#### TASK STATEMENT
From the line that contains "a dining room with furniture and window" through the last line of the data, copy everything exactly and nothing else, omitting the pictures.

##### INPUT DATA #####

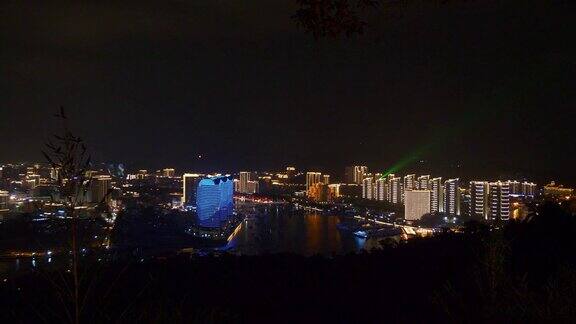 夜晚的时间照亮了三亚城市景观滨江湾山公园全景4k中国海南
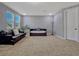 The bonus room has plenty of room for relaxation and fun, filled with natural light from a large window at 8047 Chilton Dr, Orlando, FL 32836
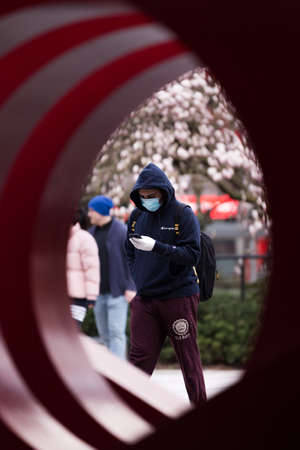 DOWNTOWN VANCOUVER, BC, CANADA - APR 01, 2020: Pedestrian in downtown Vancouver wearing a medical...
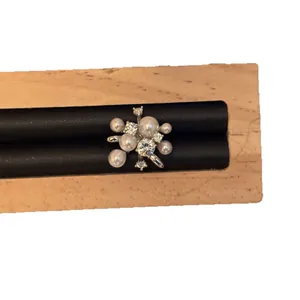 Elegante ear cuff con perle e zirconi a forma di fuoco d'artificio su supporto in legno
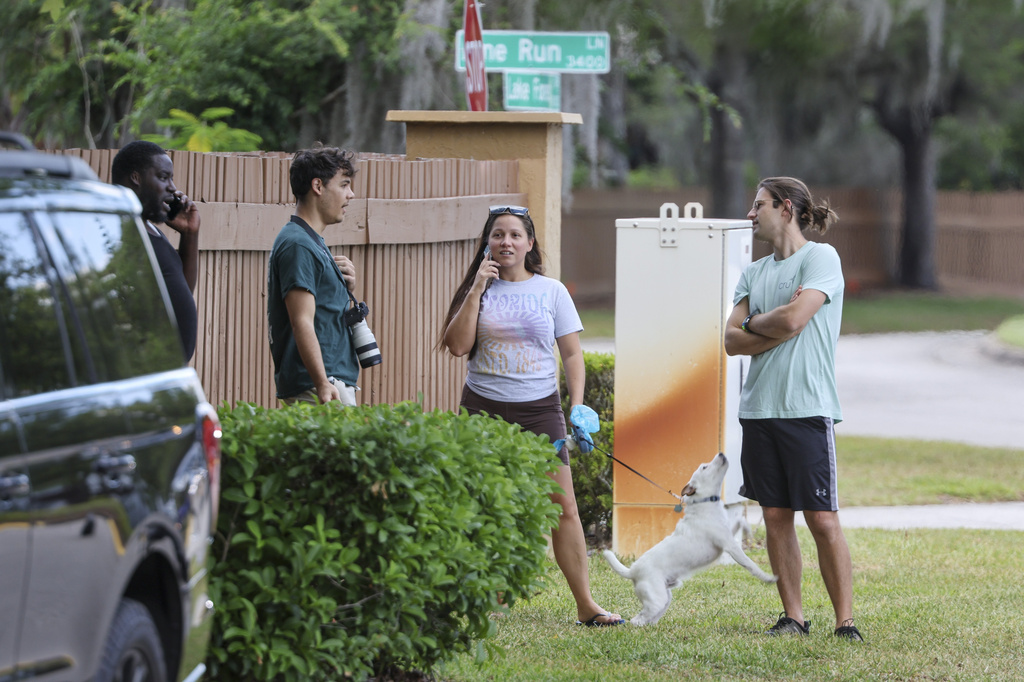 People gather near the entrance of the Lake Forest subdivision of Tampa, Fla., on Friday, April 24, 2026, where authorities said a man was taken into custody after barricading himself inside a home, in connection to the search for two missing University of South Florida graduate students. (Douglas R. Clifford/Tampa Bay Times via AP)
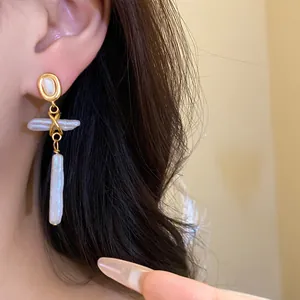 Close-up of vintage gold earrings with freshwater pearl cross pendant shown on model
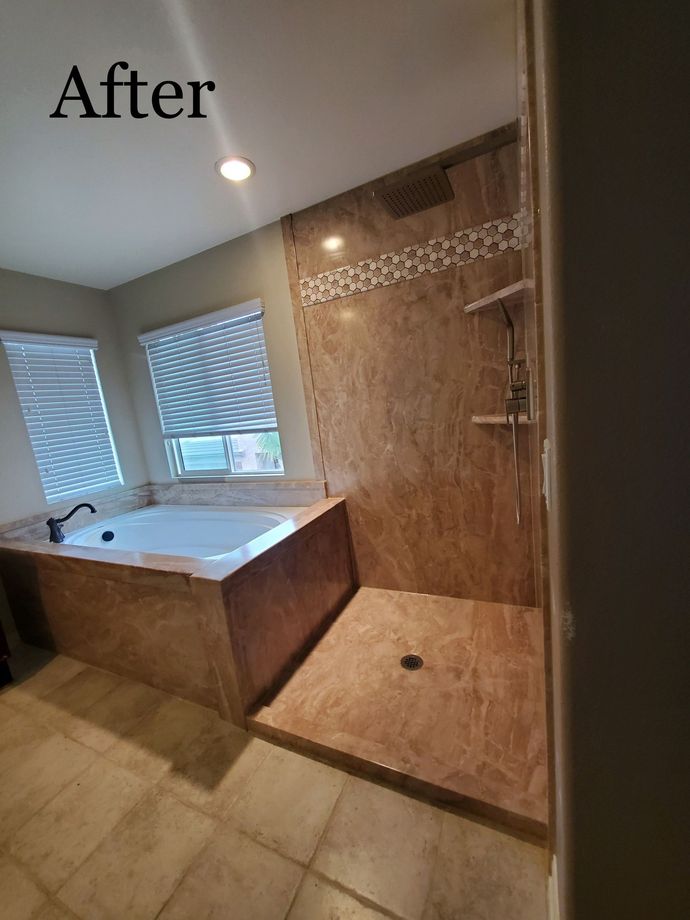 A bathroom with a tub and a walk in shower.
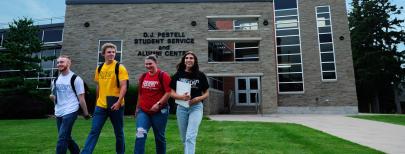 Students walking on campus with Ridgetown Campus Tshirts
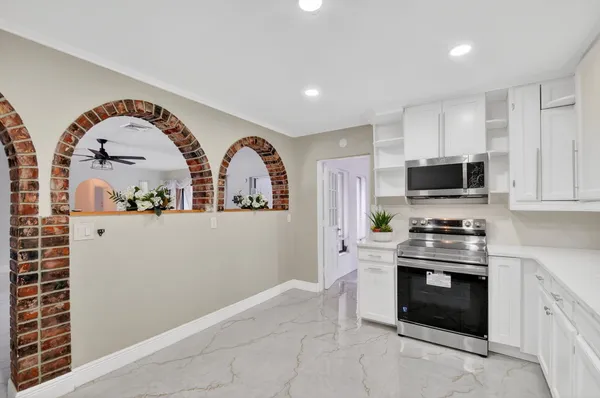 a dining room with furniture and window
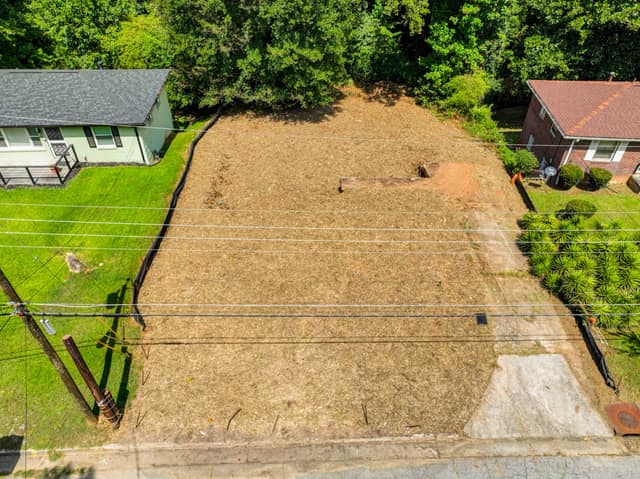 Elevated view of the vacant lot and adjacent homes from the street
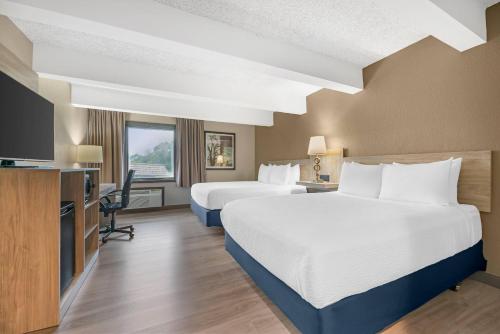a hotel room with two beds and a flat screen tv at Fairway Inn and Suites, an Ascend Collection Hotel in Mishicot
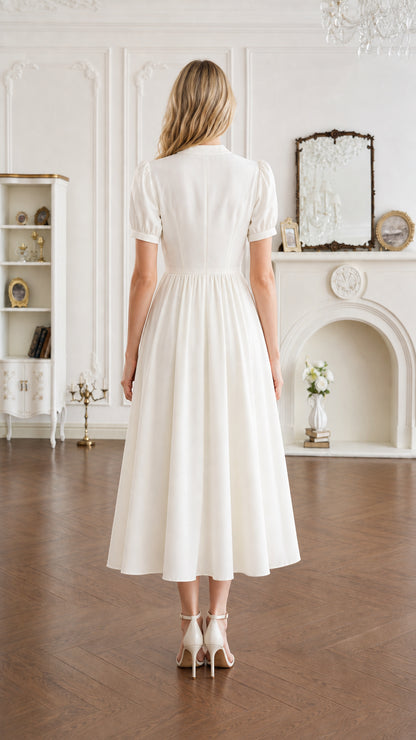 Back view of ivory A-line midi dress with short puff sleeves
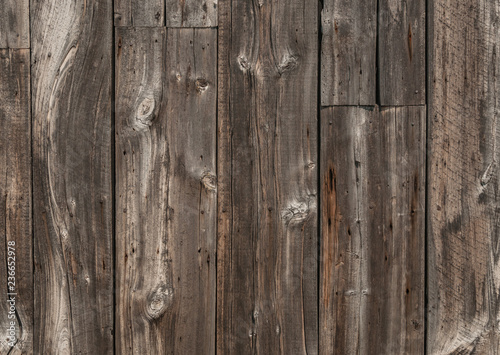 Old weathered wood plank siding with lots of texture from grain, knots, and nail holes.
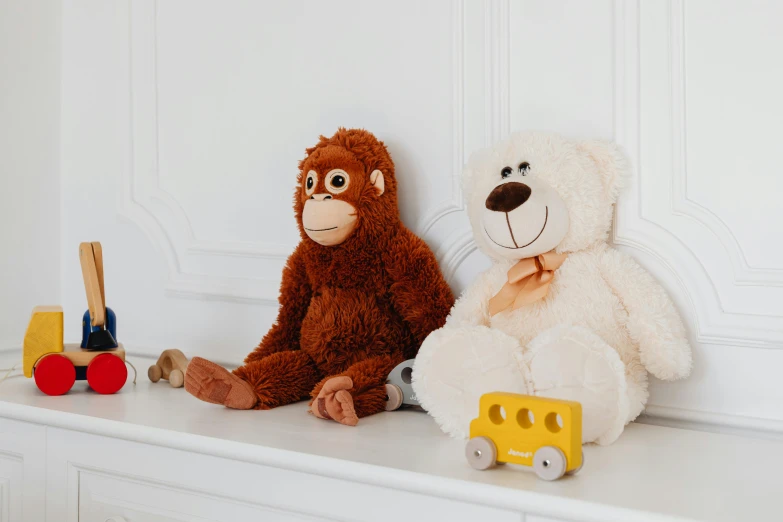 two stuffed animals sitting next to each other on a shelf, pexels, orangutan, detailed product image, childs bedroom, chocolate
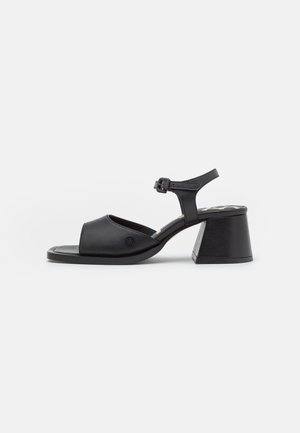 Black leather sandal with an open toe, ankle strap, and a block heel. Smooth texture with a slightly glossy finish.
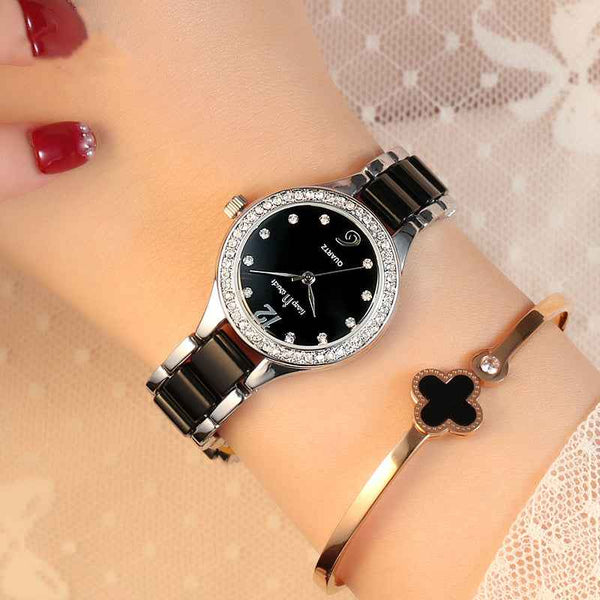 Women's Luxury Quartz Watch with black dial and silver accents on wrist from Petra store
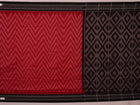 Red and black Sambalpuri cotton saree with motifs, elegantly draped.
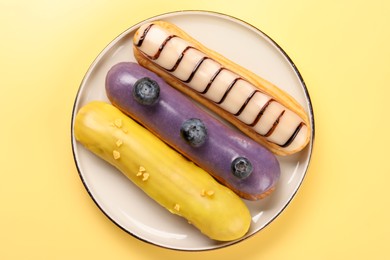 Photo of Delicious eclairs covered with glaze on yellow background, top view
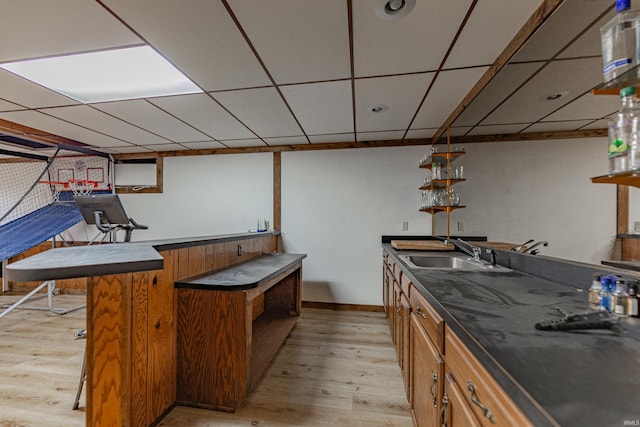 kitchen featuring a drop ceiling, sink, and light hardwood / wood-style flooring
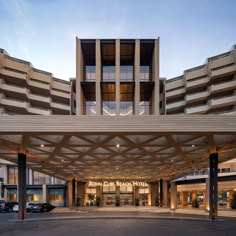 a large hotel building with cars parked in the parking lot and an awning over it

#####

#### THE ANSWER
 a dining room with furniture and window
 Elevated view of the vacant lot and adjacent homes from the street
a hotel room with two beds and a flat screen tv at Fairway Inn and Suites, an Ascend Collection Hotel in Mishicot
 Back view of ivory A-line midi dress with short puff sleeves
 Old weathered wood plank siding with lots of texture from grain, knots, and nail holes.
 two stuffed animals sitting next to each other on a shelf, pexels, orangutan, detailed product image, childs bedroom, chocolate
 Black leather sandal with an open toe, ankle strap, and a block heel. Smooth texture with a slightly glossy finish.
 Women's Luxury Quartz Watch with black dial and silver accents on wrist from Petra store
 Red and black Sambalpuri cotton saree with motifs, elegantly draped.
 Photo of Delicious eclairs covered with glaze on yellow background, top view
 kitchen featuring a drop ceiling, sink, and light hardwood / wood-style flooring
 a large hotel building with cars parked in the parking lot and an awning over it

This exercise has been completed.